[Supplied material]
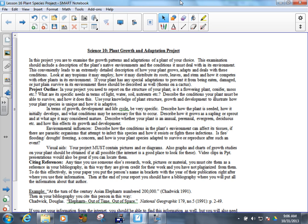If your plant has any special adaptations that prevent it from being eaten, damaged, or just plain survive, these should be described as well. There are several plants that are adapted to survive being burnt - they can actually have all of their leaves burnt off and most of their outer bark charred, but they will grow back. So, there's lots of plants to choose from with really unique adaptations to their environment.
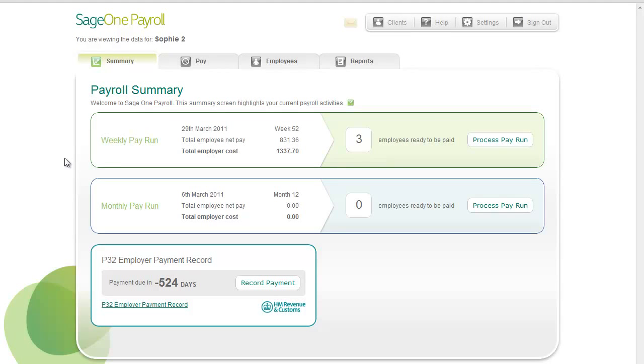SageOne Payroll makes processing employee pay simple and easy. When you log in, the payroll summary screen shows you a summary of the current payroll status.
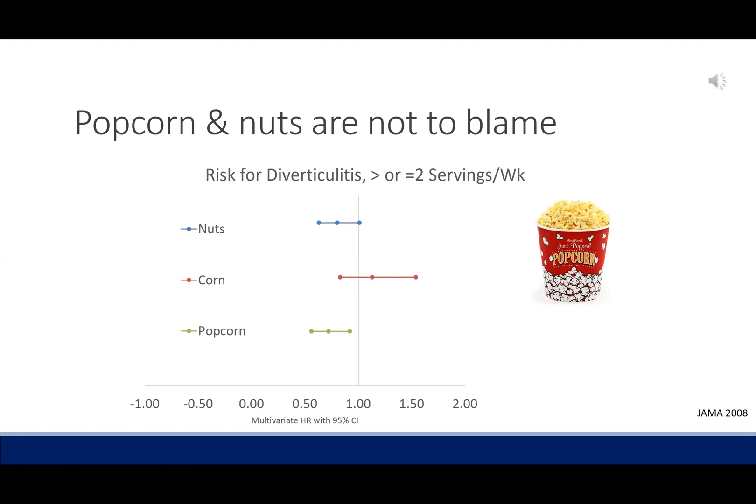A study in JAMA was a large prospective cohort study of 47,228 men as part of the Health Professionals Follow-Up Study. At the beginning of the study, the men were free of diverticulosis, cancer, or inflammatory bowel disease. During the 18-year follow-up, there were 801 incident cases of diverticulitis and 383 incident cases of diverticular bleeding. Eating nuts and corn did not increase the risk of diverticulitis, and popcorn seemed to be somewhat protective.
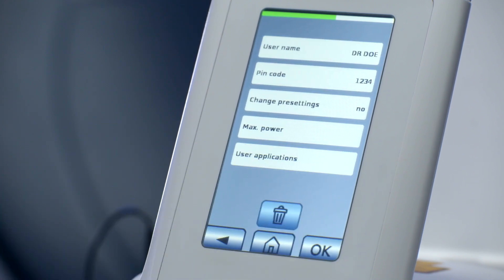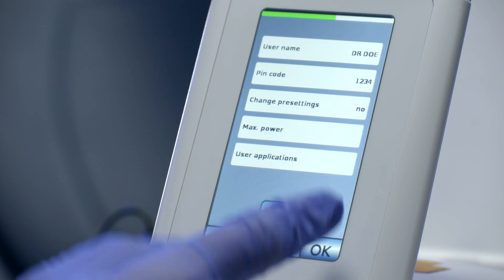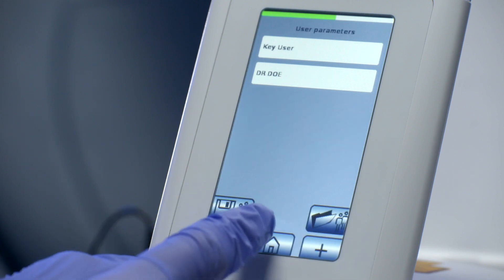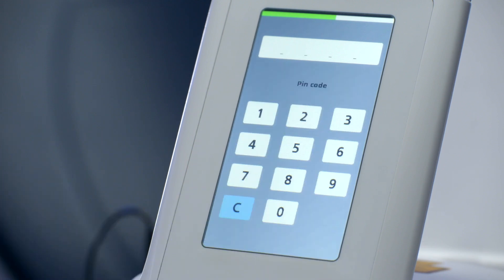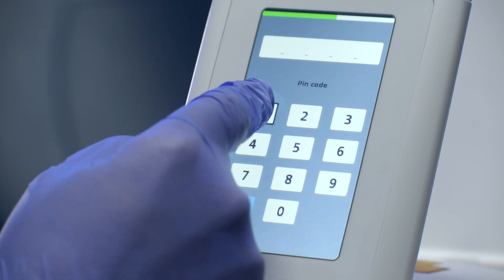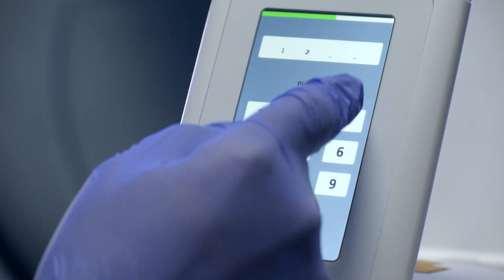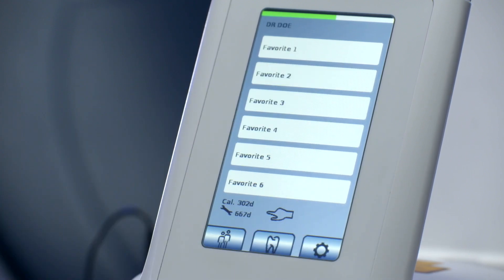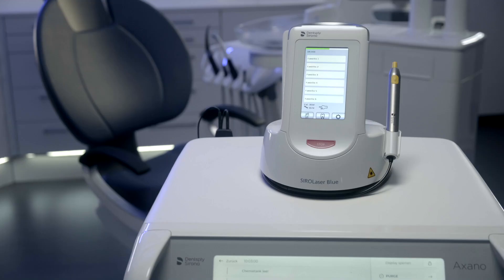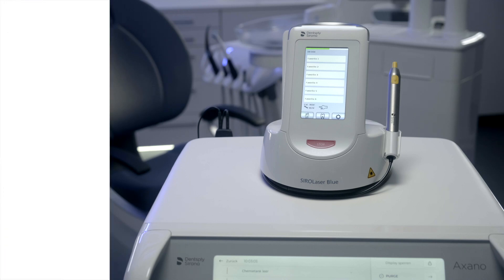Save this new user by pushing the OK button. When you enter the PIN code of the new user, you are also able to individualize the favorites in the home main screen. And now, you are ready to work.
[/Supplied material]
About this exercise:
Nothing but the pictures may be dropped; restate the material word for word.

Result:
If your plant has any special adaptations that prevent it from being eaten, damaged, or just plain survive, these should be described as well. There are several plants that are adapted to survive being burnt - they can actually have all of their leaves burnt off and most of their outer bark charred, but they will grow back. So, there's lots of plants to choose from with really unique adaptations to their environment.
SageOne Payroll makes processing employee pay simple and easy. When you log in, the payroll summary screen shows you a summary of the current payroll status.
A study in JAMA was a large prospective cohort study of 47,228 men as part of the Health Professionals Follow-Up Study. At the beginning of the study, the men were free of diverticulosis, cancer, or inflammatory bowel disease. During the 18-year follow-up, there were 801 incident cases of diverticulitis and 383 incident cases of diverticular bleeding. Eating nuts and corn did not increase the risk of diverticulitis, and popcorn seemed to be somewhat protective.
Save this new user by pushing the OK button. When you enter the PIN code of the new user, you are also able to individualize the favorites in the home main screen. And now, you are ready to work.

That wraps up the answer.